Quasiment tous les magasines féminins de France ont eu leur petit dossier spéciales formes, voire même une couverture avec une mannequin + size. A croire qu’il n’existe pas vraiment de vocabulaire français adapté aux femmes ayant des formes.
D’ailleurs, il n’est pas étonnant de trouver dans ces magazines spéciaux des publicités très ciblées du genre culotte amnistiante et crème anti cellulite… Le hasard dans le marketing ça n’existe pas.
Néanmoins on découvre des nouveaux noms, des nouveaux visages et des nouvelles formes : Tara Lynn Wilson, Crystal Renn, Clémentine Desseaux, Laura Catterall. Toutes des nanas super belles, glamour et sexy, même avec les kilos en trop que dénoncent les créateurs.
Les choses vont encore plus loin quand une agence de mannequin + Size ouvre à Londres ou l’on y retrouve notamment Leyanne, 24 ans, taille 40, la sœur de la chanteuse Alesha Dixon du tube The boy does nothing.

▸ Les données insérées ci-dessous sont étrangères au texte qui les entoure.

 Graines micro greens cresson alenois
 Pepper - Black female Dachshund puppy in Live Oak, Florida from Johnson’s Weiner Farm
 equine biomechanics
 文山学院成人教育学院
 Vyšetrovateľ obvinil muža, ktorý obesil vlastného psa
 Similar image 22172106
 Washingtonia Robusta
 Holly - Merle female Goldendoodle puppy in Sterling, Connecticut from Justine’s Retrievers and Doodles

Ces jeunes femmes sont appelés à participer à des campagnes publicitaires pour des collections de vêtements taille 42 et plus, et mettre en avant des marques qui créent la mode pour toutes les femmes, toutes les tailles.

En Angleterre, je trouve qu’il y a déjà beaucoup d’effort fait de la part des enseignes de prêt à porter pour fournir aux femmes toute une collection allant de la taille 32 au 52. En France, je pense moins. Ce qui est regrettable, sachant que 30% des françaises font du 40-42.

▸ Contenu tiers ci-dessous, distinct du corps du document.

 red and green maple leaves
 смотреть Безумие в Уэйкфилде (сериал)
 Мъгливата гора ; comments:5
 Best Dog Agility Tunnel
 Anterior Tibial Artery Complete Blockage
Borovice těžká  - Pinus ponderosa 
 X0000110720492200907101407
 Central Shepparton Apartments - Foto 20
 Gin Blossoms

En France, Promod vient de lancer une nouvelle ligne allant jusqu’au 48, mais, dans sa promotion, présente les vêtements sur des mannequins taille standart. Comprenez alors que ces vêtements pourront aussi être porté sur des femmes allant de la taille 42 à 48. Une bien délicate attention…
Et pour vous convaincre que tout cela n’est qu’une jolie mascarade marketing, devinez qui s’est aussi mit aux mannequins rondes ?

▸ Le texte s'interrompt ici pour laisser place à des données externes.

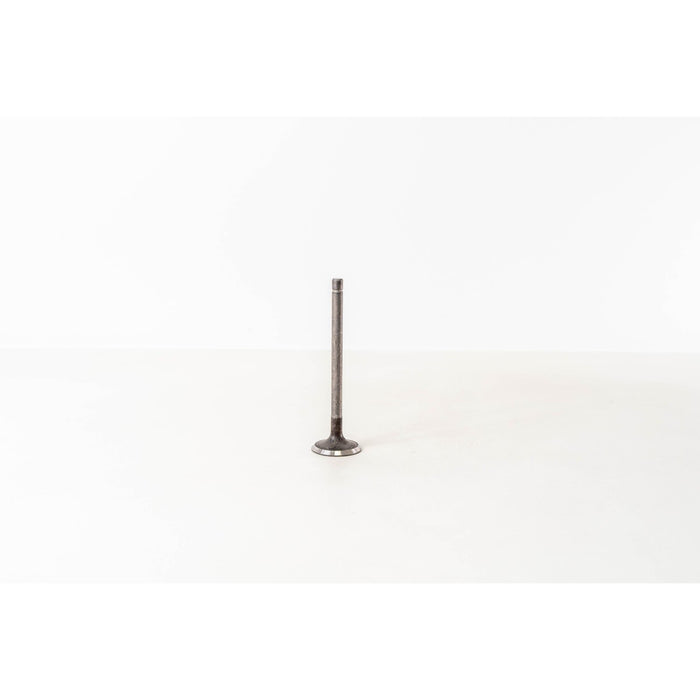 823560 Outlet valve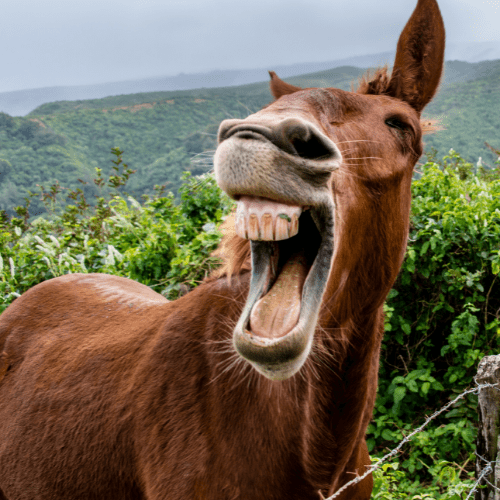  - SongShop Online Song Pitching & Licensing  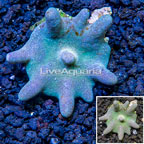 Devil's Hand Leather Coral Vietnam (click for more detail)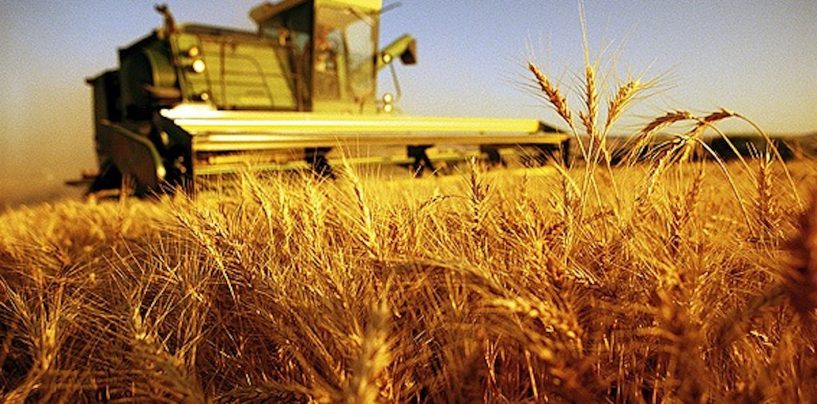 Formazione in agricoltura, corsi sui fitofarmaci a Monteforte
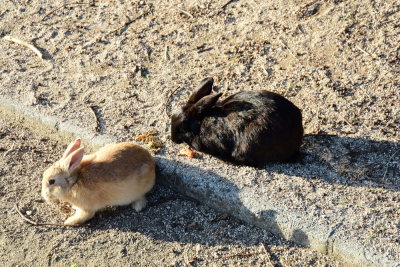 DSC_0962.JPG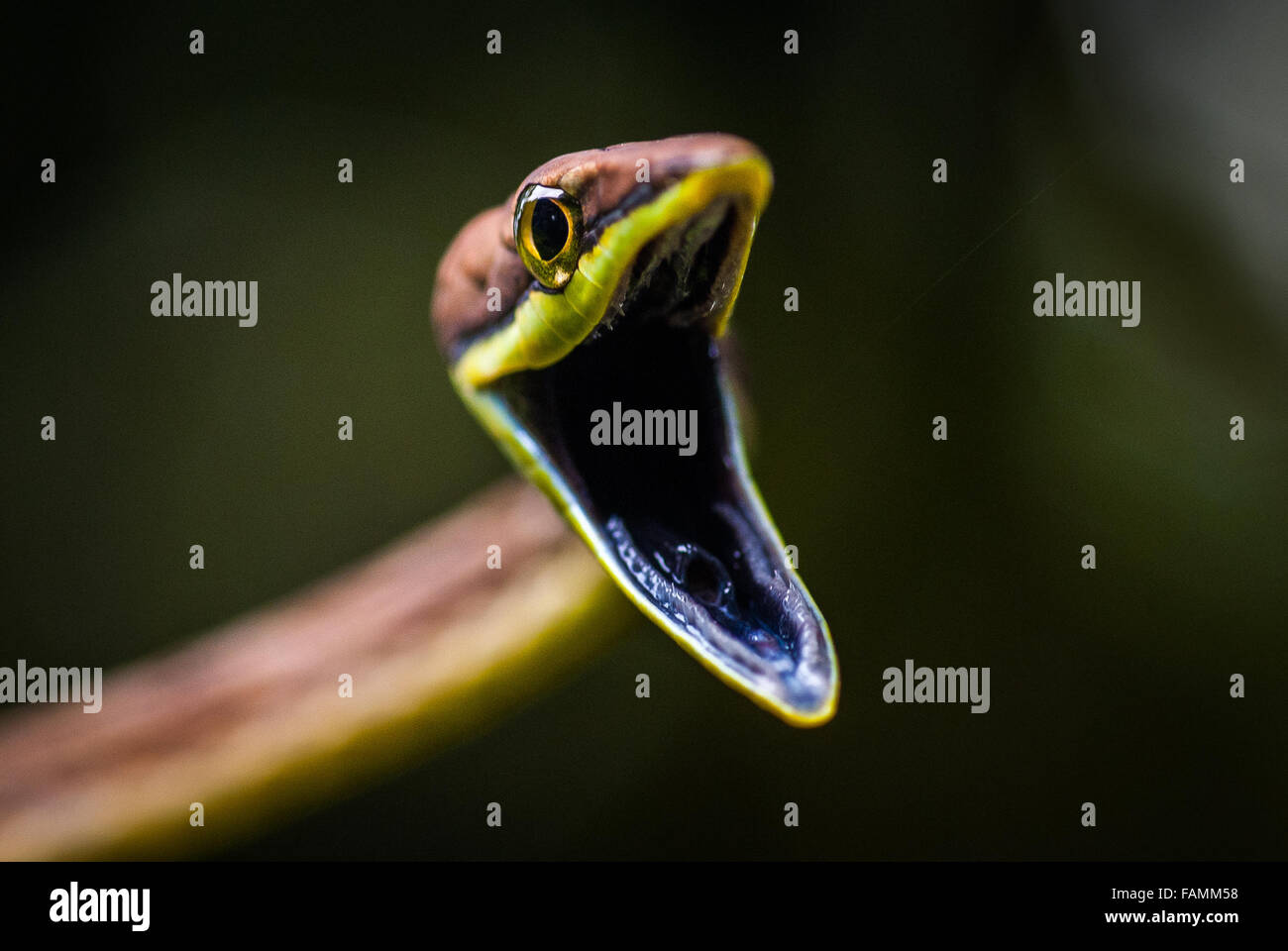 A closeup of the gaping-mouth threat posture of an agitated Brown Vine Snake. Stock Photo
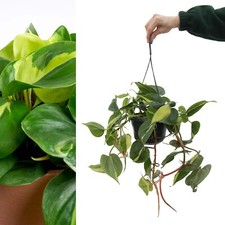 Philodendron scandens 'Brasil' - Variegated Indoor Plant in 15cm Hanging Pot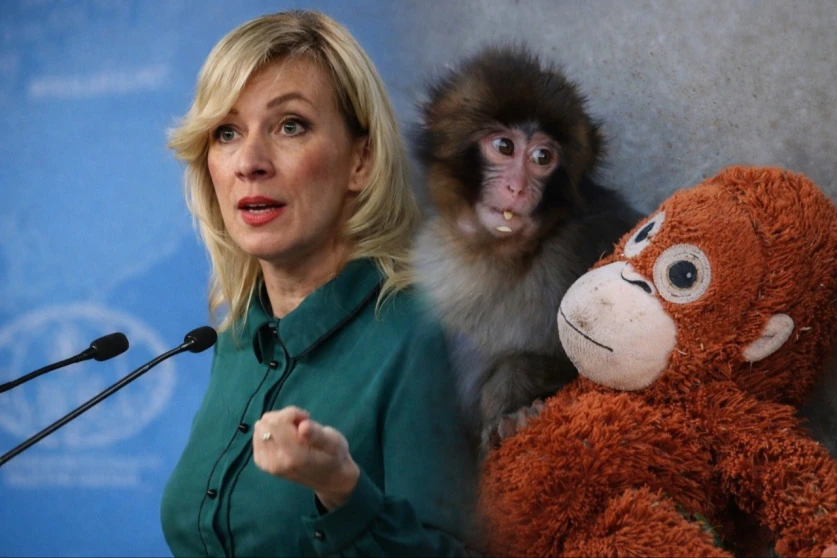 Զախարովան մեկնաբանել է ճապոնական կենդանաբանական այգում կապիկի հետ տեղի ունեցած միջադեպը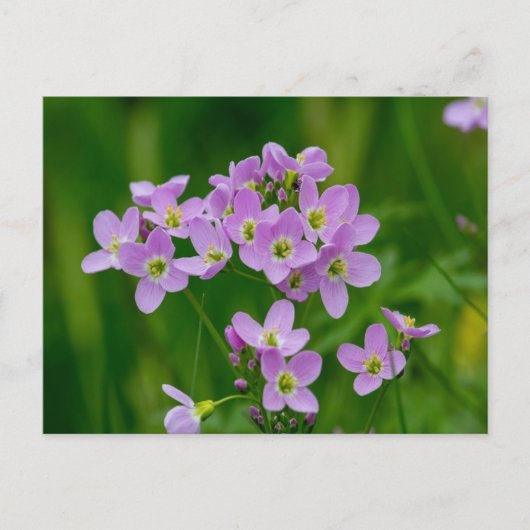 Hübsch Pink Cuckoo Blume Postkarte (Vorderseite)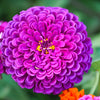 250 PURPLE PRINCE ZINNIA Elegans Flower Seeds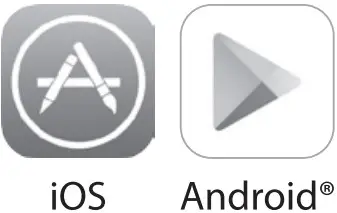 Apple or Android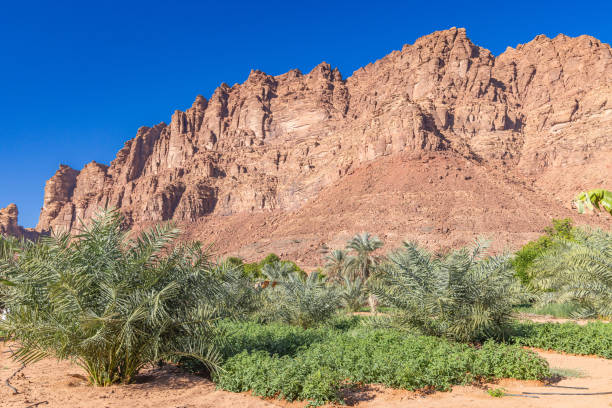 istock A desert farm in Al-Disah. 1996044287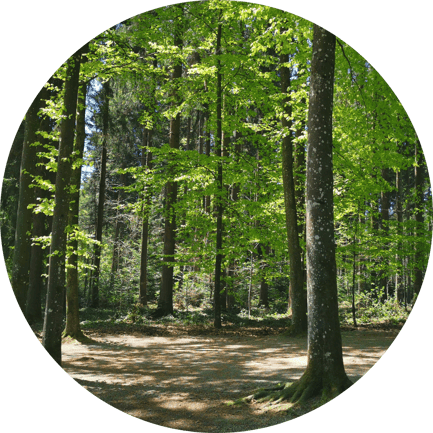 Waldraeume_by_Karibu-Living, Kurse-Angebote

Karl Lagerfeld, lui qui pourtant est si fier de son régime drastique et préfère les mannequins maigre comme des clous. Néanmoins, il n’a pas choisi n’importe qui pour la campagne publicitaire de l’ouverture d’une nouvelle boutique Chanel dans le quartier branché de Soho à New York, la belle et très populaire Crystal Renn.
Il a même eu l’occasion de faire défiler cette belle femme lors d’un mini défilé à Saint Tropez. Lui qui pourtant n’est pas le premier à critiquer sur les femmes rondes…

Dieu merci, il y a des personnes qui savent aussi surfer intelligemment sur la vague et propose des projets audacieux mais sincère : Anaïs Seyo, blogueuse mode sur Curvy Stylish Girl s’est lancé en septembre dernier avec son magazine Curvista, dédiée à la mode, la beauté pour les femmes avec des formes, rondes, pulpeuses et généreuses.
Son but elle l’explique est de « déculpabiliser les femmes rondes et de glamouriser leur image, sans pour autant faire l’apologie de l’obésité. »
Pour compléter cet article, elle nous parle de son magazine et de son point de vue sur la mode pour femmes pulpeuses en France et dans le milieu de la mode.
La bonne chose dans tout cela, c’est que l’on vit une période charnière où les mannequins trop maigres deviennent appartiennent au passé pour laisser place à des jeunes femmes, belles, heureuses et en pleine forme, physique et mentale !
Même si je pense qu’il persiste une belle hypocrisie dans le monde de la mode, l’impact sur les jeunes femmes et la société est bénéfique, l’idée restant qu’une femme se sente bien, belle et heureuse qu’importe sa taille, son poids, son physique.
Depuis quelques années, nous cherchons à changer les diktats de la beauté, en espérant que l’on y voit des résultats rapidement.
« Changer la vision de la société ne se fera pas en une nuit, mais nous avons tous notre part de responsabilité. Sache apprécier le fait que tu sois unique, et aime ton corps ! » Katya Zharkova.